I should emphasise that it is no part of our task to decide whether the Judge was right in the conclusions that he reached in relation to each of the issues. As I have said, Mr Cherry (in submissions which Declan Crinion adopted) made it very plain that he was not seeking to challenge the Judge’s decision on the merits. The appeals stand or falls on whether he properly addressed the Appellants’ case at all. I am prepared to say, however, that I have seen nothing in Mr Stuart’s submissions below, ably though they were evidently advanced, that leads me to think that the Appellants ever had a real defence to the Respondent’s claims.

37.

It follows that in my judgment this appeal should be dismissed.
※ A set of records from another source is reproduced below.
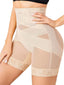 Tummy Control High Waisted Butt Lifting Mesh Lace Breathable Shapewear Shorts - QOU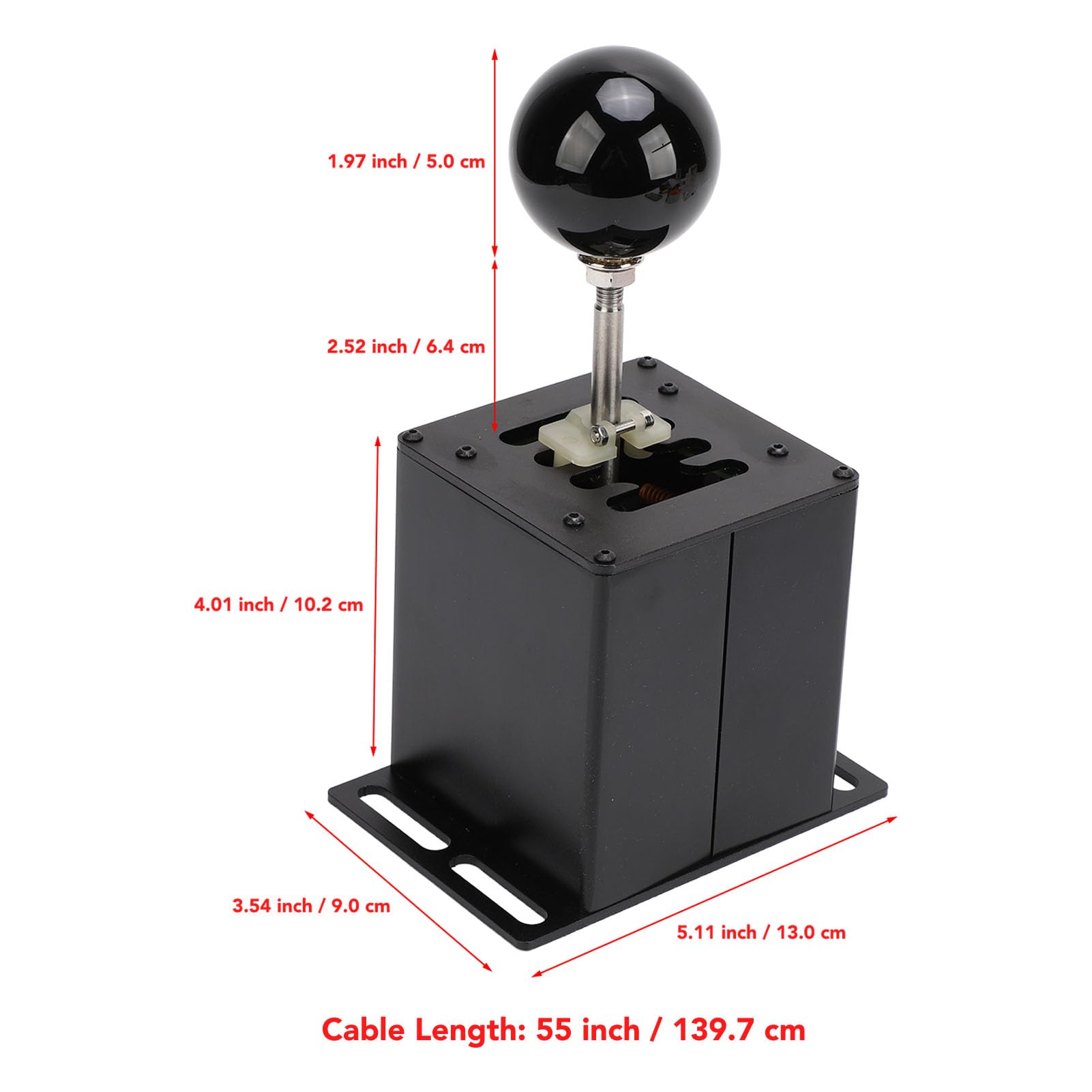 Drfeify Dźwignia Zmiany Biegów H, Dźwignia Zmiany Biegów ze Stopu Aluminium USB Simulator 7 Plus R Ręczna Skrzynia, Symulatora Gier Wyścigowych Typu Plug and Play na PC dla G29 G27 G25 G920 dla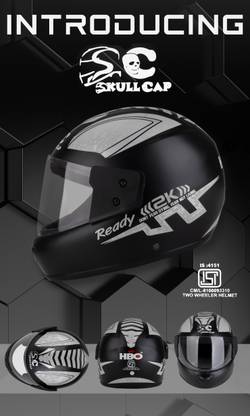 SKULLCAP Black Grey blend full face helmet for boys Z5 Skateboarding Helmet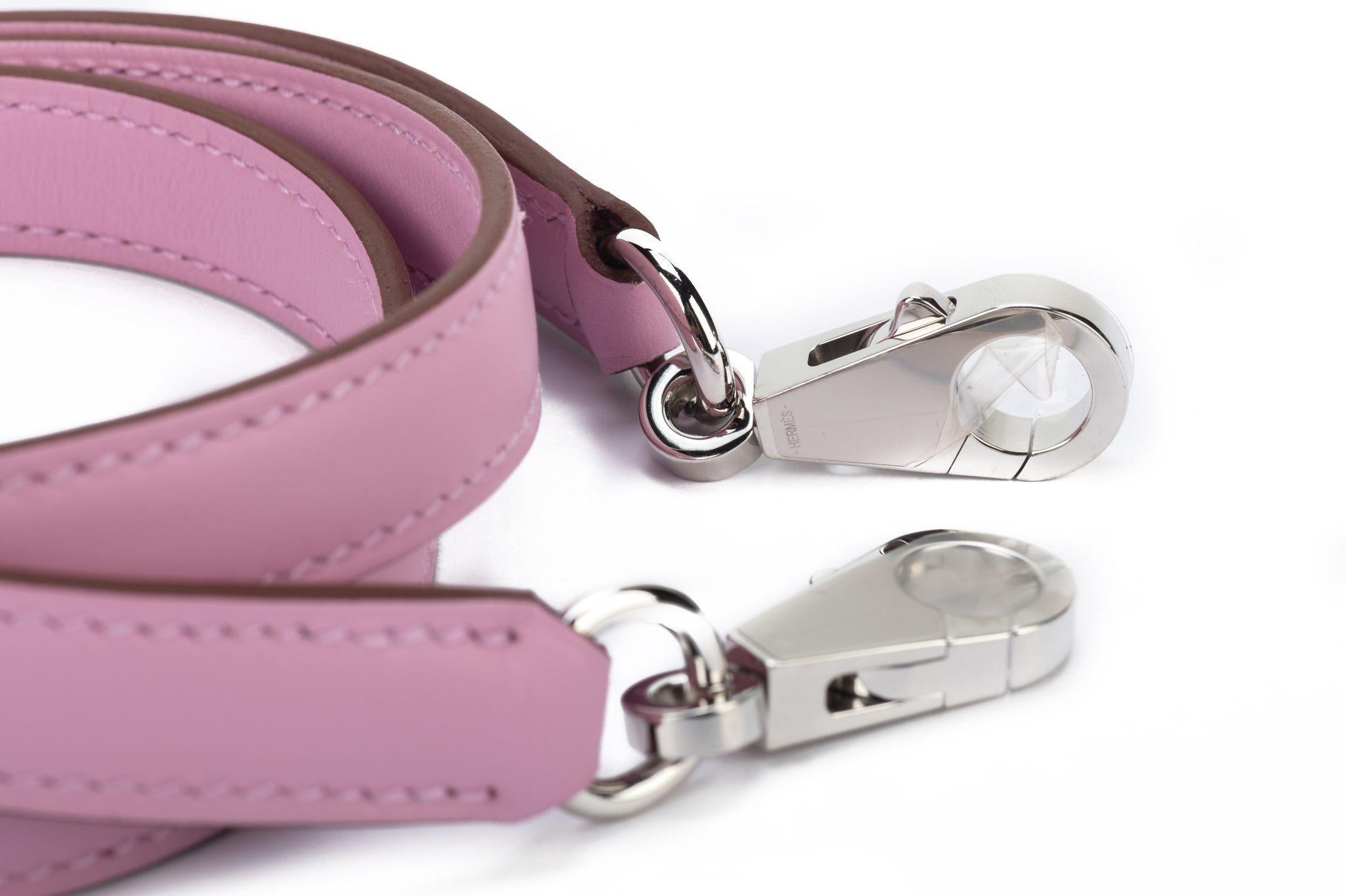 Hermes NIB Kelly 25 Retourne Mauve Swift 10
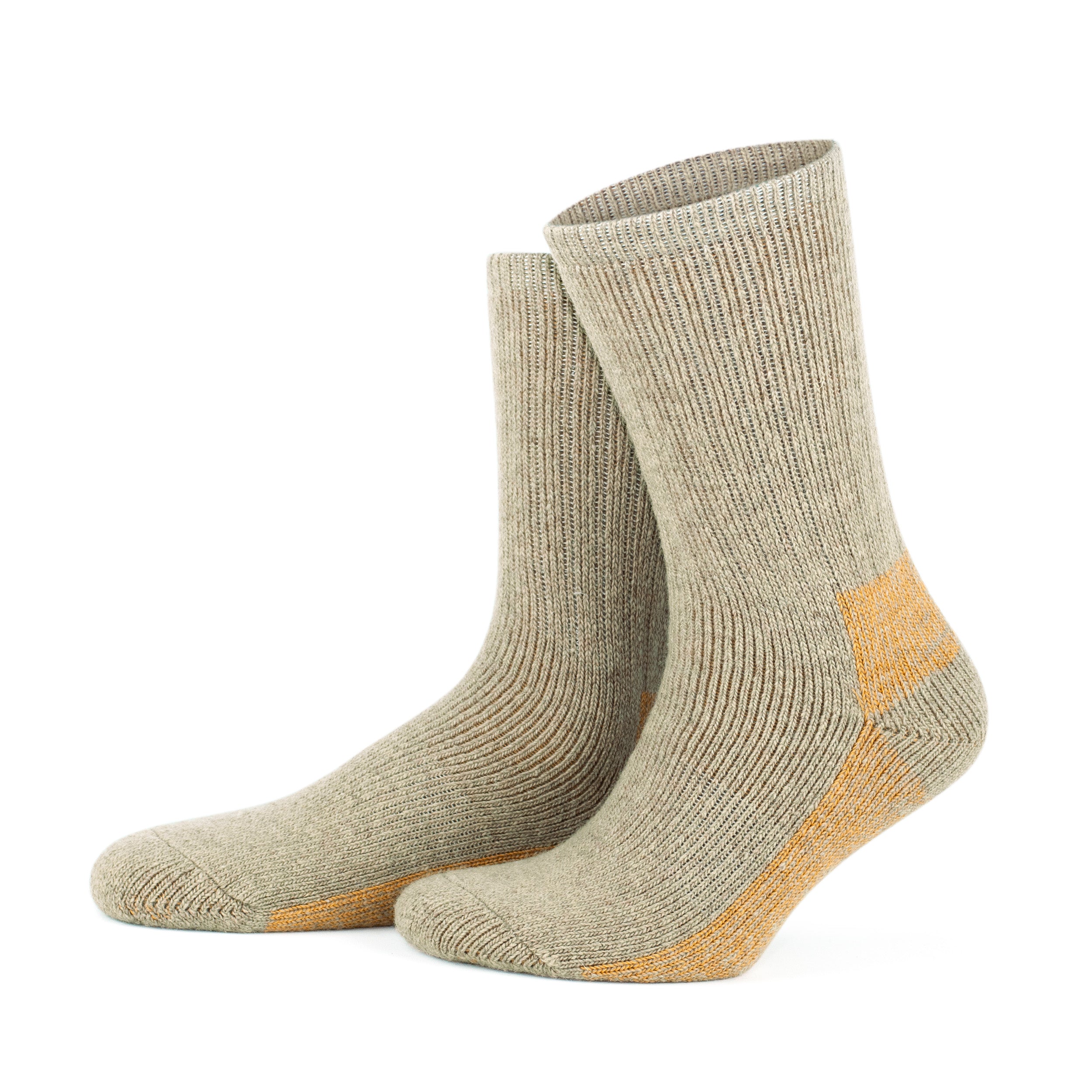 GoWith Unisex Alpaca Wool TerryLined Hiking Boot Socks 1 Pair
Wrong though the way in which the Judge constructed his judgment was, I believe that it can be seen from a careful examination that he did in fact bring an independent judgment to bear on the decisive issues in the case, and it is sufficiently clear why he decided those issues in the case in the way he did.

Sir Stephen Sedley :

38.

Unequivocal acceptance of one party’s case has always posed a problem for judges. To simply adopt that party’s submissions, however cogent they are, is to overlook what is arguably the principal function of a reasoned judgment, which is to explain to the unsuccessful party why they have lost. Such an omission is not generally redressed by a perfunctory acknowledgment of the latter’s arguments. Even a party without merit is entitled to the measure of respect which a properly reasoned judgment conveys.

39.

Information technology has made it seductively easy to do what the judge did in this case. It has also made it embarrassingly easy to demonstrate what he has done. In principle, no doubt, it differs little from the modus operandi of the occasional judge, familiar to an earlier generation of counsel, who would pick up his pen (sometimes for the first time) and require the favoured advocate to address him at dictation speed. But in practice, for reasons which Lord Justice Underhill has described, the possibility of something approaching electronic plagiarism is new, and it needs to be said and understood that it is unacceptable. Even if it reflects no more than the judge’s true thinking, it reflects poorly on the administration of justice: for, as Lord Justice Underhill says, appearances matter.

40.

Although I agree, even so, that enough can be teased out of the judgment to satisfy the legitimate demand of the Appellants for reasoning which deals with their respective cases otherwise than through the prism of the Respondent’s argument, I hope that a judgment like the one now before us will not be encountered again.

Lord Justice Longmore :

41.

I agree with both judgments.

42.

In these days of written final submissions and computer literacy it must be tempting for a judge who has formed a clear view of a primarily factual dispute to frame his judgment by lifting large parts of the written submissions of the party he has decided should win and incorporating them in his judgment. But to do so without (or with only minimal) acknowledgment and without making reference to the submissions made by the other side inevitably leaves a deep sense of grievance with the losing party. He or she will understandably feel that the judge has never properly engaged with the case when forming his judgment.

43.

It also puts this court in a position of considerable difficulty because it has to make a detailed examination of underlying factual material to see whether the judge has truly engaged with the losing party’s case when the judge could easily have shown that he had so engaged, by reciting the main points made by the losing party and stating why he rejects them. Having made that detailed examination, all of us are satisfied that the judge has in fact engaged with the defendants’ cases and has rightly seen that they have no substance; it would therefore serve no purpose to order a new trial before a different judge.

44.

But we trust that no judge in any future case will lift so much of a claimant’s submissions into his own judgment as this judge has done and that, if substantial portions are to be lifted, it will be with proper acknowledgment and with a recitation of the defendant’s case together with a reasoned rejection of it. It is only in that way that unnecessary appeals can be avoided and the litigant be satisfied that he has received the justice that is his due.